Via telegraph.co.uk
Leonardo da Vinci's Salvator Mundi has sold at auction for a record-breaking $450 million (£342 million). It raises a number of questions: Can any painting really be worth that much? Why are we still so obsessed with da Vinci? And then there's the question that may give its buyer the sleepless nights – is it really a da Vinci at all?
This painting has had a remarkable change of fortune in just a few decades. In the Fifties, Salvator Mundi ("Saviour of the World") was sold for just £45, when it was believed to be a copy. Now it's worth 10 million times as much. This sale far exceeding the previous world record set by set by Paul Gauguin's Nafea Faa Ipoipo? (When Will You Marry?), which went for $300 million in 2015.
It's undeniable that most of that value rests on Leonardo's name. An attractive copy of Salvator Mundia, painted by Leonardo's assistant Gian Giacomo Caprotti (nicknamed "Salai"), sold at Sotheby's 10 years ago for just $656,000 – mere pocket change, compared to the amount changing hands for the real thing. But the painting's unusual provenance, and a few uncharacteristic artistic choices, have thrown doubt on its authenticity. Here are four details that have the experts concerned:
1. The orb
Salvator Mundi is thought to have been painted around 1500, when Leonardo would have been 48. As his biographer Walter Isaacson notes at that time he was was deeply involved in his research of optics and physics. The laws of physics in one part of Salvator Mundi, however, are a little off.
The diffraction of light through the glass or crystal ball Christ is pictured holding should warp the robes behind it, and a reflection of his hand should appear the glass – but it does not. This could be seen as a mistake – or a sign that the work is not Leonardo's – but Isaacson has defended it, suggesting the artist was "subtly trying to impart a miraculous quality to Christ and his orb".
2. The position of the body
No other painting by Leonardo features a subject in the utterly straight, central posture of Salvator Mundi's Christ. The movement that is a hallmark of his other paintings, the subtle twist of a neck or shoulder, is absent here.

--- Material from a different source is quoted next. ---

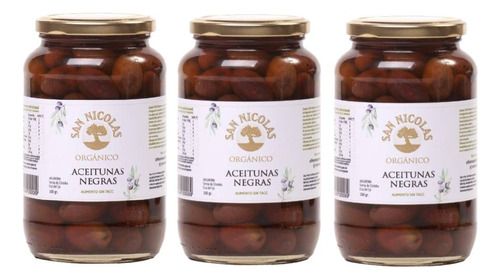 3x Aceitunas Negras Orgánicas (calibre 1) X500g- San Nicolás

Michael Daley, the director of ArtWatch UK, has described Salvator Mundi's composition as "dead-pan flat, like an icon, with no real depth in the modelling", arguing that "there isn’t enough [evidence] to claim it’s a Leonardo".
3. The provenance
There are fewer than 20 authenticated artworks by Leonardo, and this version of Salvator Mundi has not been among their number for long. It's commonly accepted that Leonardo painted a Salvator Mundi – 17th century artist Wenceslaus Hollar produced an etching based on his original – but the question inevitably arises as to whether this is it.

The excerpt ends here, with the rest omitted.